Design

CGデザイナーが取り組む古代書体のデジタル化

Adonian Chan

われわれは、朝目覚めてスマートフォンでメッセージをチェックする瞬間から一日中、活字書体にさらされている。

香港を拠点に活動するグラフィックデザイナーで、デザイン会社トリリングアの共同創業者でもあるアドニアン・チャン氏(33)は、日常生活の中で出会うさまざまな文字列を「視覚的風景」と表現する。

中でもチャン氏が香港を象徴する書体と考えているのが北魏楷書だ。北魏楷書は、4世紀の中国で生まれた力強い書体だが、チャン氏によると、今この北魏楷書は絶滅の危機にさらされているという。そこで、チャン氏がこの書体を守るために取り組んでいるのがデジタルフォント化だ。

碑文用の書体

香港デザイン研究所(HKDI)でコミュニケーションデザイン部門の責任者を務めるキース・タム氏によると、北魏楷書は中国の南北朝時代に建設された北魏(西暦386年~534年)で生まれ、歴史的出来事を石に刻むための書体として用いられたという。

北魏楷書が使われた看板=香港の油麻地/Adonian Chan
北魏楷書が使われた看板=香港の油麻地/Adonian Chan

19世紀に、清朝の著名な書道家で碑文研究に関心があった趙之謙が、彫刻刀の代わりに筆を使って、北魏楷書を復活させた。

タム氏によると、北魏楷書が具体的にいつ香港に伝わったかを特定するのは不可能だが、1880年代に生まれた香港の著名な書道家、區建公の貢献により、20世紀に香港で北魏楷書の人気が広まった。區はいわゆる「商業書道家」で、香港中の店や組織の看板や表札の文字を書いていたが、書体はほとんど北魏楷書を使っていたという。

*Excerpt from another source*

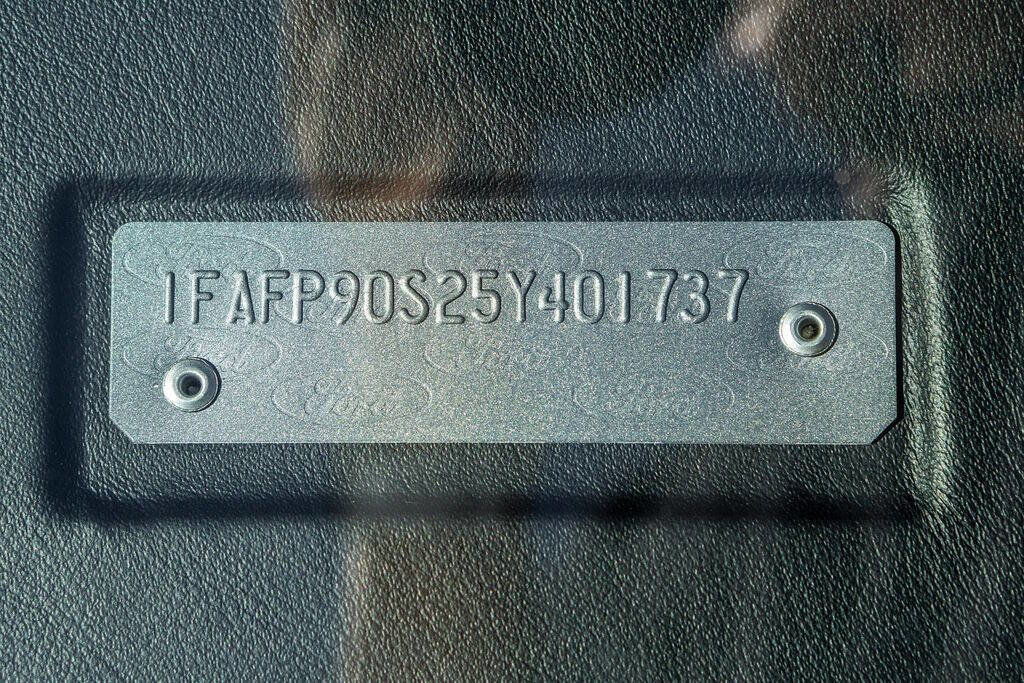 Used 2005 Ford GT image 69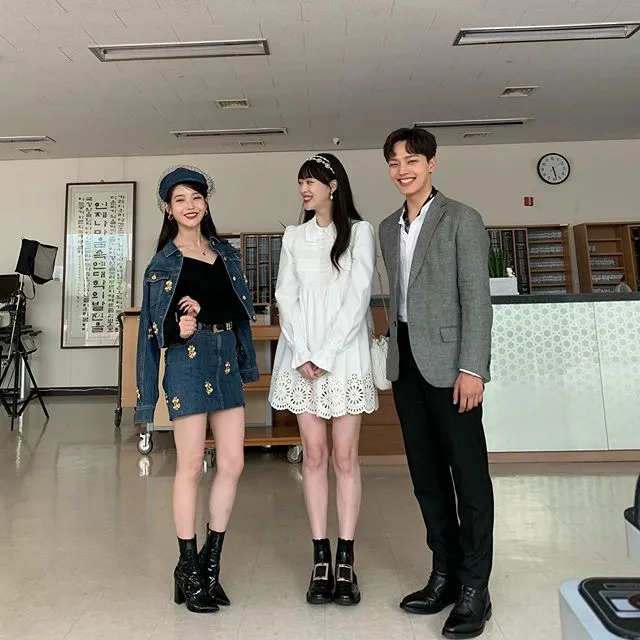 Bersama IU dan Yeo Jin Goo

北魏楷書が中国の他の書体と一線を画している点は、その非対称の構造、大胆な線、予想外の角度で、これらの特徴が文字を「活動的」に見せる、とチャン氏は言う。

かつて北魏楷書体で書かれた看板は書道家たちの「腕」が頼りだったが、最近はコンピューターで作ったフォントやLEDネオンサインの出現により、それらの看板が香港から姿を消しつつあるという。

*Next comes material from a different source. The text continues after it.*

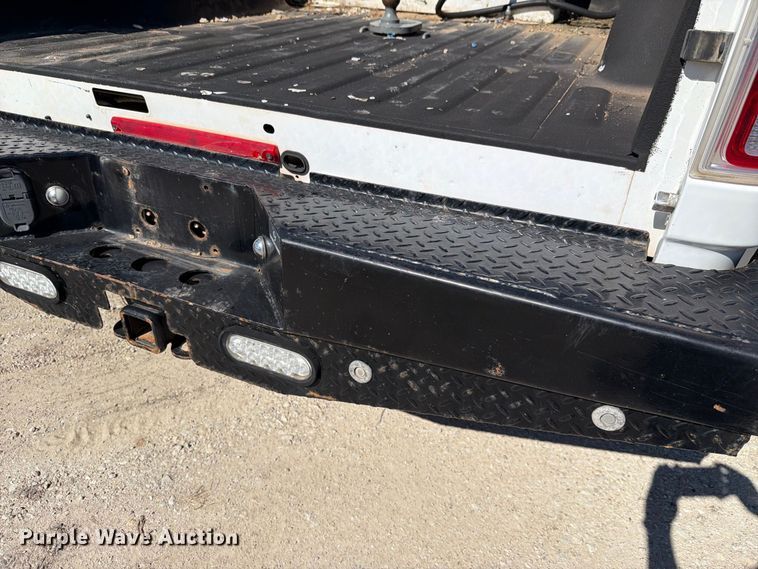 image for item EL0998 2018 RAM 3500 Laramie Crew Cab pickup truck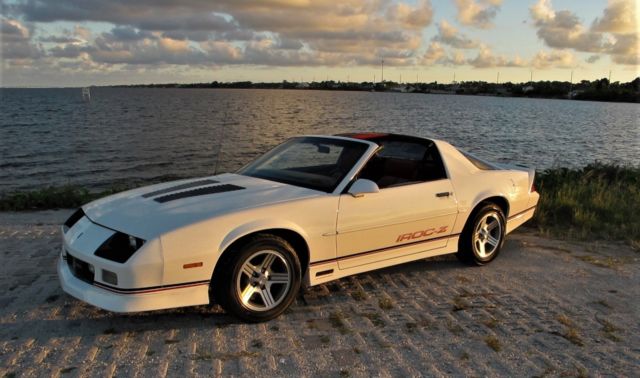 1989 Chevrolet Camaro IROC-Z - photo 2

チャン氏は「(北魏楷書体の看板は)ほぼ絶滅した」とし、その原因として香港の都市景観の急速な変化を挙げる。香港では古い建物や店の取り壊しで視覚文化が破壊されており、その結果、現在活動しているデザイナーで北魏楷書体を知っている人はほとんどいない、とチャン氏は嘆く。

書体のデジタル化

チャン氏は2016年に、香港の書道家で區建公の弟子であるウォン・ゴック・ローエン氏に北魏楷書を習った後、北魏楷書体の文字のデジタル化に着手した。チャン氏は、まず筆と墨汁で紙に文字を書いてバランス感覚を養う。次に鉛筆で下書きし、最後に「グリフス」というフォント作成ソフトを使って文字をデジタル処理で再現する。

北魏楷書と「Apple Ping Fang」との比較
北魏楷書と「Apple Ping Fang」との比較

古代の書体をデジタル化する際の主な課題のひとつは、手書きのレタリングの芸術的表現とフォントデザインに必要な一貫性と統一性をいかに両立するかだ、とチャン氏は言う。

チャン氏が1日にデジタル化できる文字数は、文字の複雑さにもよるが、2文字で、最終的に6000字のデジタル化を目指している。チャン氏は、自ら作成したフォントがいずれ携帯電話やコンピューターにインストールされることを願っている。